(DATA FOR PROCESSING)

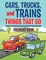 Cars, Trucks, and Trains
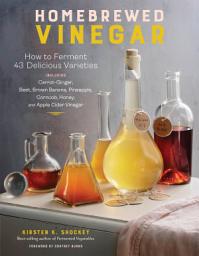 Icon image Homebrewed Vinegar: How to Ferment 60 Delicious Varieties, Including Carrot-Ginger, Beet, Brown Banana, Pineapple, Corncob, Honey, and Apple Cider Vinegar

(End DATA FOR PROCESSING)
(DATA FOR PROCESSING)

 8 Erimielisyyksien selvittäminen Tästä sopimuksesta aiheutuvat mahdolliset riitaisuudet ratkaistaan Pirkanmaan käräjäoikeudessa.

(End DATA FOR PROCESSING)

* HOW TO COMPLETE THIS TASK *
Copy word for word only the lines above from the one with "Cars, Trucks, and Trains" through the one with "Icon image Homebrewed". Leave pictures out.

* RESULT FOR THIS TASK *
 Cars, Trucks, and Trains
 Icon image Homebrewed Vinegar: How to Ferment 60 Delicious Varieties, Including Carrot-Ginger, Beet, Brown Banana, Pineapple, Corncob, Honey, and Apple Cider Vinegar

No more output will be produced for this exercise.